Günün geri kalanında Kılpaçinoyla hayata dair uzun uzun talklaştık. Karar verdi beni herkes anlayamazmış o yüzden yabancı biriyle evlenmeliymişim.
Hem sempatik hem yakışıklı olması konusunda hemfikir olduk. Mesela dedi Jean Marc Barr tipinde olmalı. Böyle birini bulursam kaçırmamam gerektiği konusunda epeyce nutuk çekti. Hemen bi "Le grand bleu" dvd si edinip ince ince seyredip her açıdan bakacakmışım Jean Marc’cığıma. Peki dedim ben de.

Haftasonu büyük ihtimal IHLAMUR vızıltısı ile “Le grand bleu” seyredip kafayı bulacağım.
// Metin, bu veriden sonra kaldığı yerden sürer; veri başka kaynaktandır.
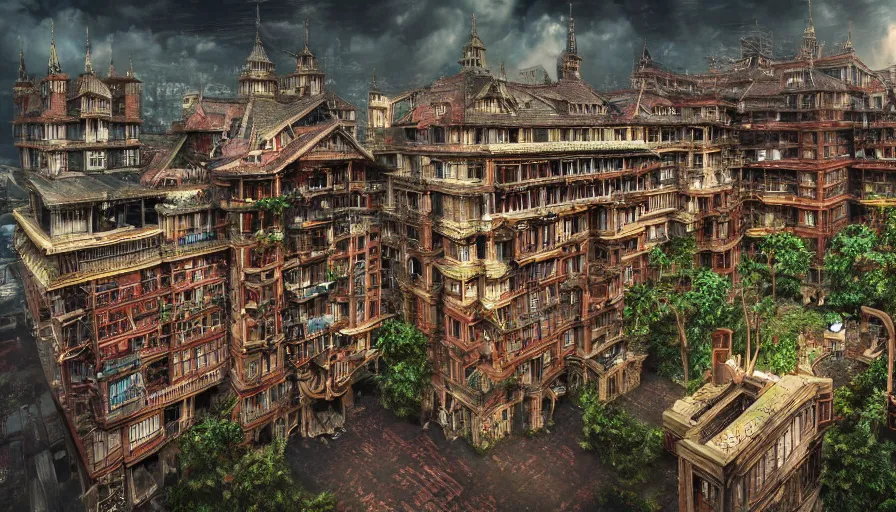 Prompt: enormous sprawling fantasy winchester mystery house, high, skyscraper, high quality, kowloon walled city, sprawl, giant, fractal, cell shading, high details, trending on artstation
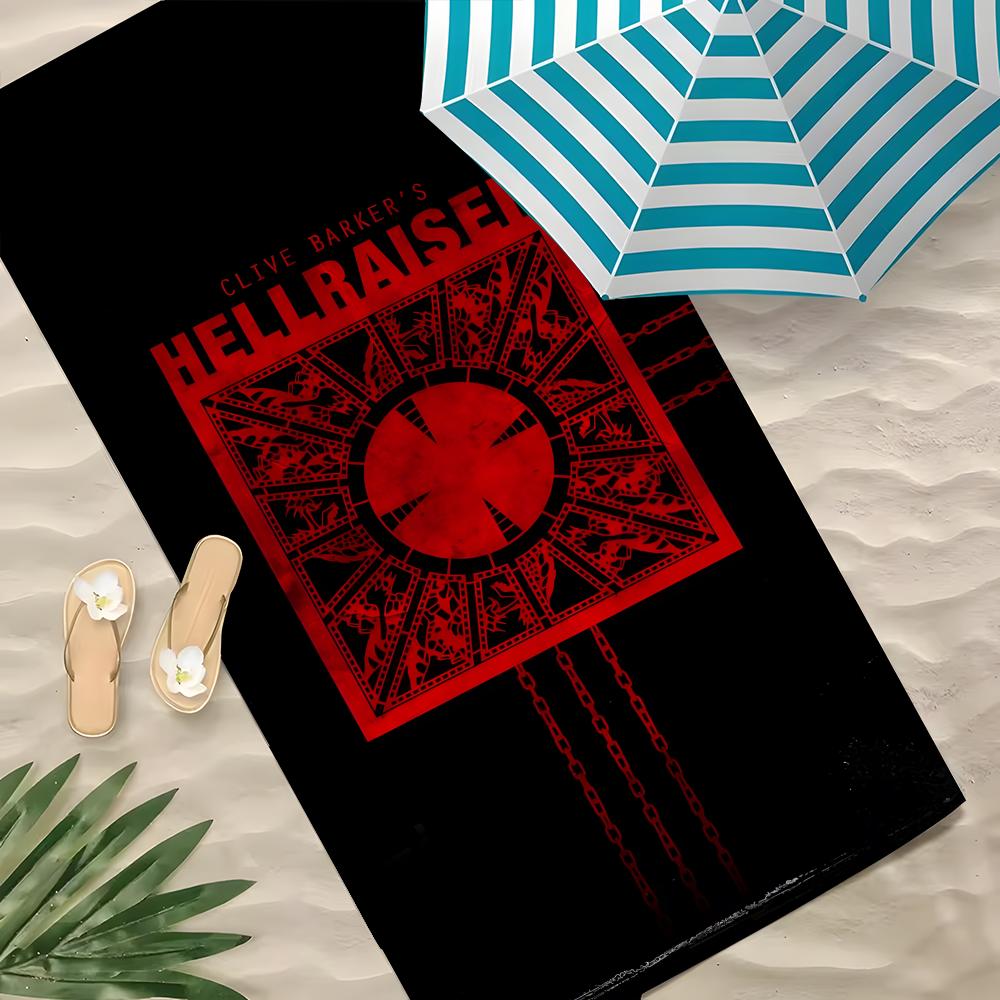 Movie Hellraiser Towel Polyester Beach Towel Quick Dry Sand Free Bath Towel for Summer Pool Travel Vacation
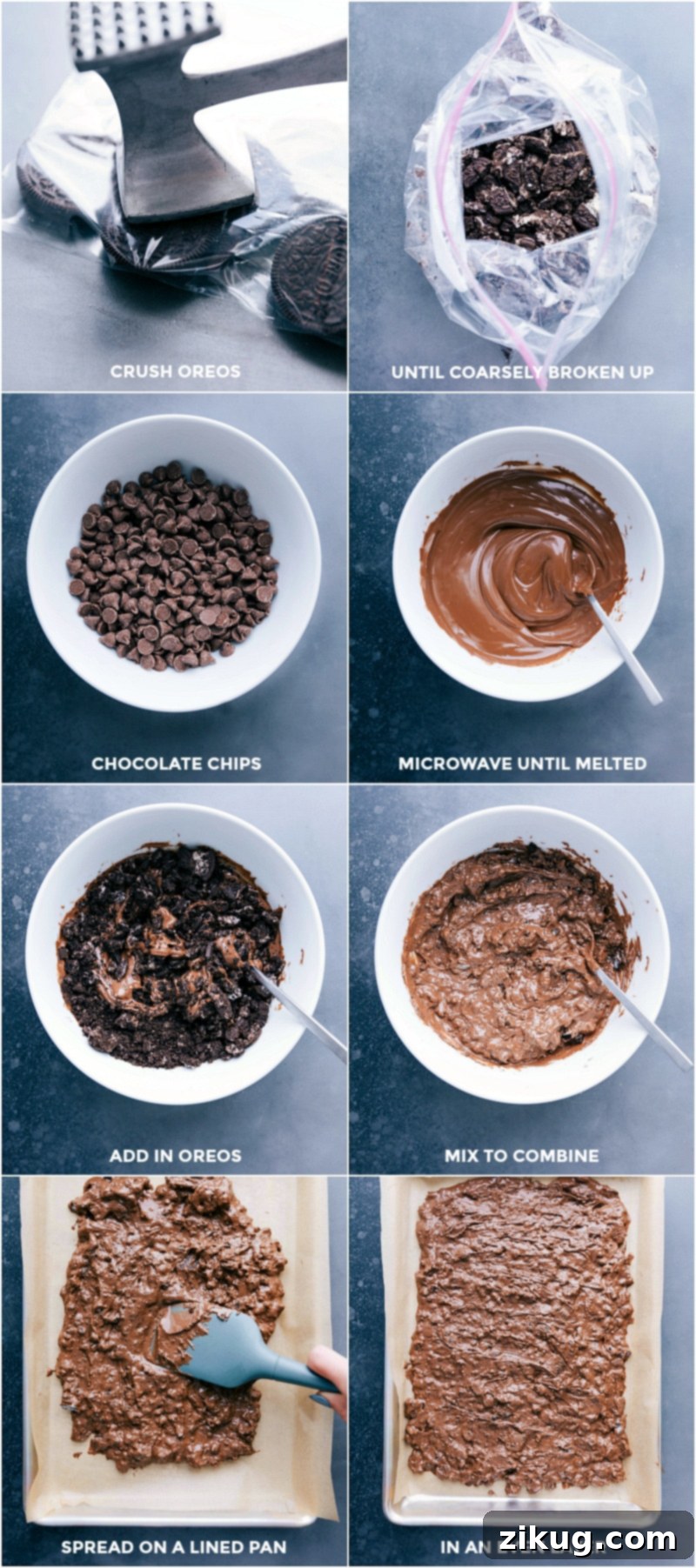 Preparing the festive and delicious Mummy Bark dessert by crushing Oreo cookies until broken up, melting milk chocolate chips in a microwave-safe bowl, and then mixing the crushed cookies into the melted chocolate to combine, before spreading the mixture on a parchment-lined sheet pan in an even layer.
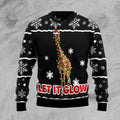 FUNSTUFFPRINT Giraffe Let It Glow Ugly Christmas Sweater for men and women Ugly Sweater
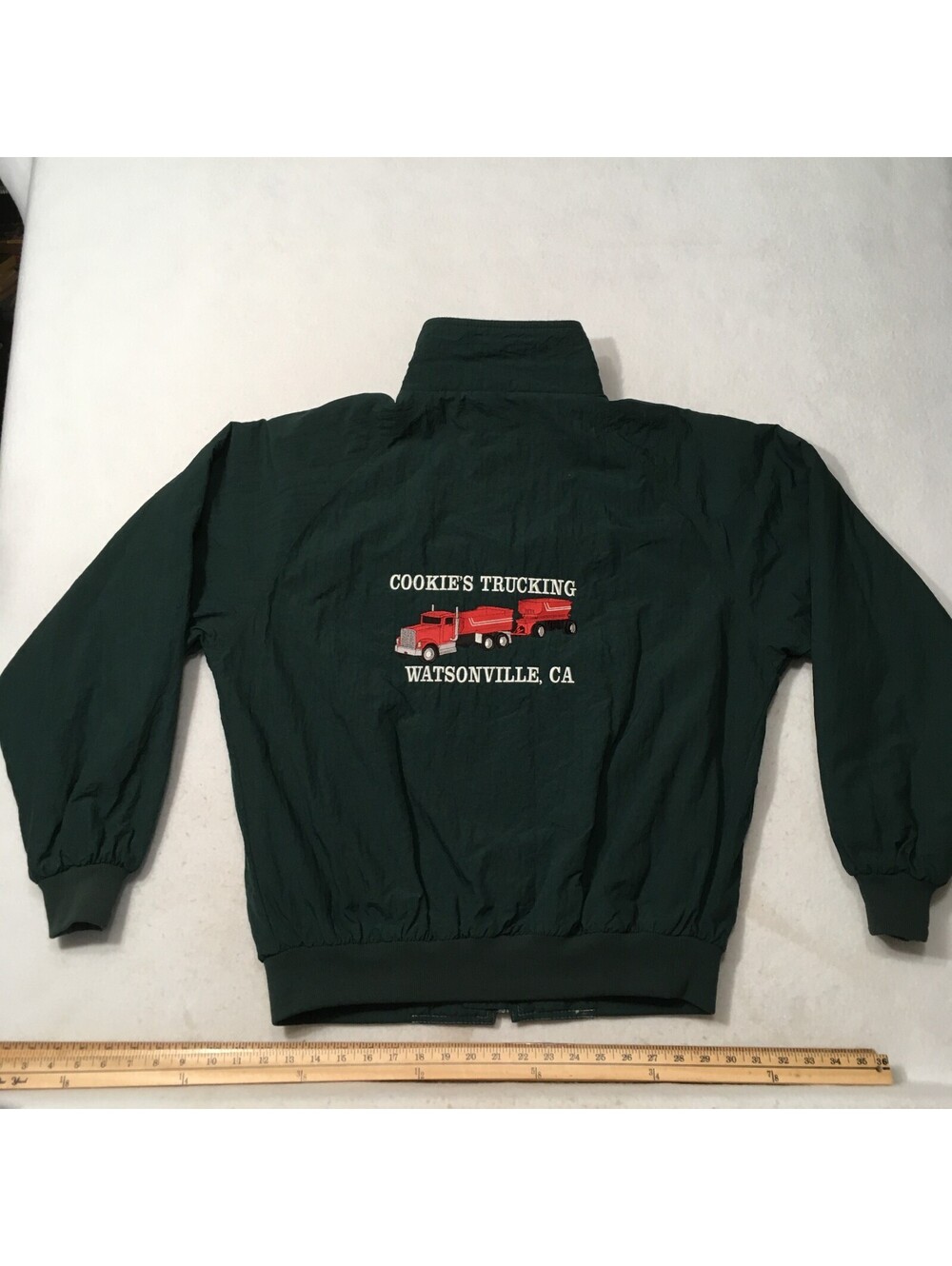 Port Authority Jacket Mens Large green TRUCKING  Bomber Lined SEMI TRUCK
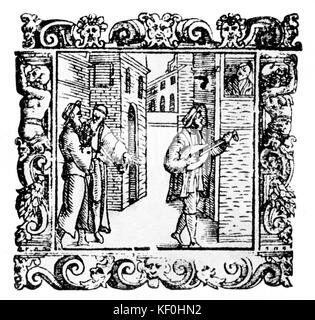 'L' Amfiparnaso" par Orazio Vecchi, d'un madrigal comedy de 1597. Image montrant les caractères Gratiano, Pantalone et Francatrippa à partir de l'édition 1610 de 'L' Amfiparnaso". Vo italienne Composer 6 Décembre 1550 - 19 février 1605. Banque D'Images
Cheers İngiltere.

Çarşamba, Temmuz 04, 2007

Atmosferik hisler

Bugün sabah sabah nerden geldiyse ben de felaket bir sıkıntı.
Bi galon bira icip dünyayı darma duman etme hırsı.
Denize atlayıp bir adaya kadar yüzebilme çöp gibi zayıflama, malak gibi yatma ve arap gibi kararma hissi var.

Salı, Temmuz 03, 2007

Yerim dar



Sıkıldım çalışmaktan herşeyden bunaldım...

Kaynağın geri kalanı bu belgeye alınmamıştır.